フェアプレーポイントをアンフェアなやり方で奪い取った──世界からそんな批判が集まった、6月28日のW杯グループステージ「日本対ポーランド」。熱心なサポーターも予想できなかった、後味の悪い戦いとなってしまったことは否めないかも。勝ち点、得失点差、総得点など、すべてが同条件の場合に適用され、警告(イエローカード)の数で優劣が決まる、今大会から導入されたフェアプレーポイント。結局、セネガルよりイエローが2枚少なかった日本が、史上初のこの制度で決勝トーナメントに進出。試合後ににわかサポーターで盛り上がる渋谷では、喜びのあまり(?)警官の帽子を奪って逮捕者も出たほどの大騒ぎに。

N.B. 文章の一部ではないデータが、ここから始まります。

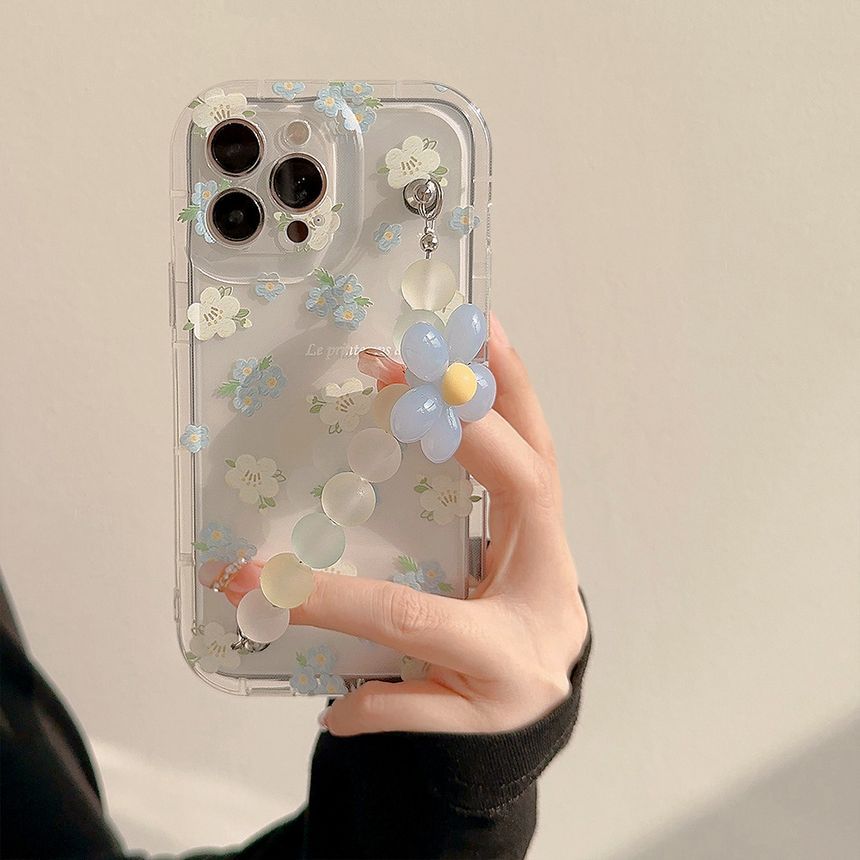 Case Phone Strap Transparent Floral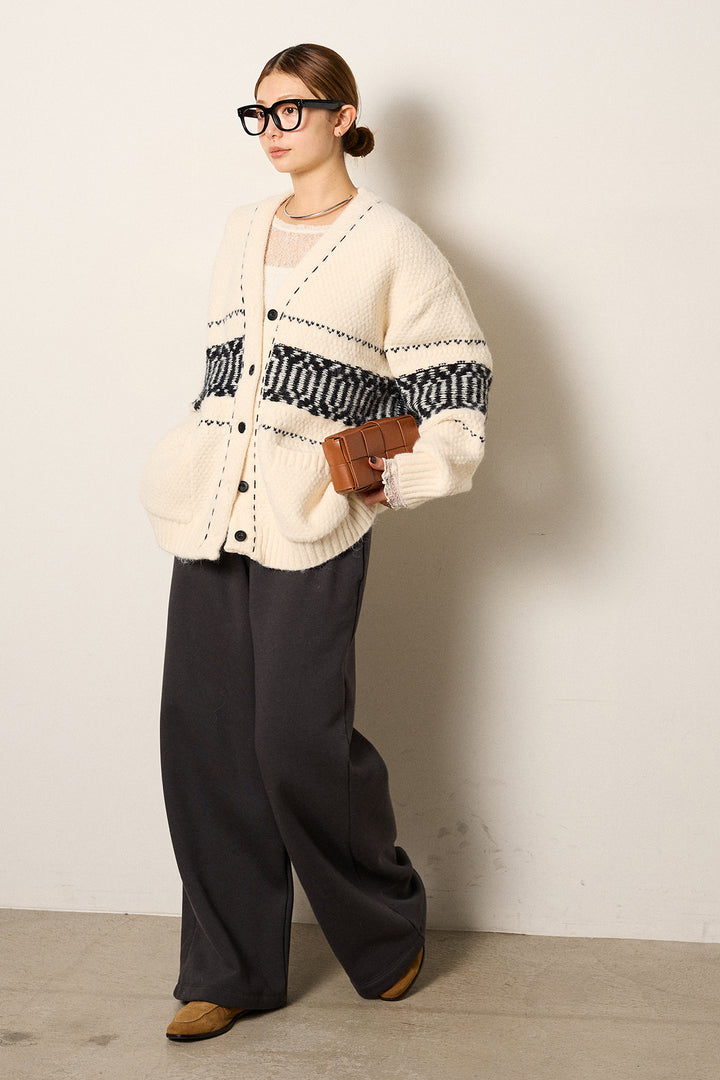 [SET]ライン柄ステッチニットカーディガン+2WAY袖コード刺繍クルーネックプルオーバー+裏起毛スウェットワイドパンツ(3set)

「渋谷に関しては、あのような試合の終わりかたでよくそこまでテンションが上がるものだと思いましたが、もしかしたらイラ立ちによるテンションかも(笑)。そうも思えてしまうほど、見ているこちらも歯がゆい試合でした。実際ネット上でも『初めて応援したけどクソつまらなかった』『負けてるチームのボール回しは初めて見た』『ラグビーやバスケットボールでは絶対に不可能な談合』など、国内からも思った以上の批判がありましたから、世界のメディアが日本をバッシングするのは当然でしょうね。『他の国だってやったはずだ』と擁護する声も少なからずありますが、どう言おうとも実際にやったのは日本代表。その“タラレバ”は説得力ありません。それまでの2戦で世界にサムライブルー魂を見せつけ、評価がうなぎ上りだっただけに、悔しい気持ちだったファンも多いことでしょう」(スポーツ紙記者)
イギリスのBBCは〈最後の10分は恥ずかしい展開。ワールドカップでは見たくなかった〉、アメリカのワシントンポストは〈それは醜いものだった〉と筆致は辛辣そのもの。各国とも、ルール自体に問題があるとしながらも、そのスキを突いた日本代表への苦言を呈す多かった。

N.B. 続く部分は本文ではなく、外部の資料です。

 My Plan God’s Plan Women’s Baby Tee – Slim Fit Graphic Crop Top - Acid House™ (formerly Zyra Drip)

ところが、そんな中、日本を擁護してくれたサッカー大国があったという。
「スペインです。『Marca』紙という有名メディアが『アキラ・ニシノは、自分たちが勝者だと胸を張っていい』と西野監督の戦術を評価。川島の多くのセービングや、リスクを承知で落ち着いたボール回しをした選手を称賛してくれました。『それまでフェアに戦ってきた日本へのご褒美』というわけです。一方で、カードの差で敗れたセネガルのアリウ・シセ監督には、同情のコメントも出していました」(前出・スポーツ紙記者)
もう時計は巻き戻せない。日本時間で7月2日深夜にキックオフとなるベルギー戦で、日本を見限った各国を見返してほしい。そう願っているサポーターがきっとたくさんいるはず!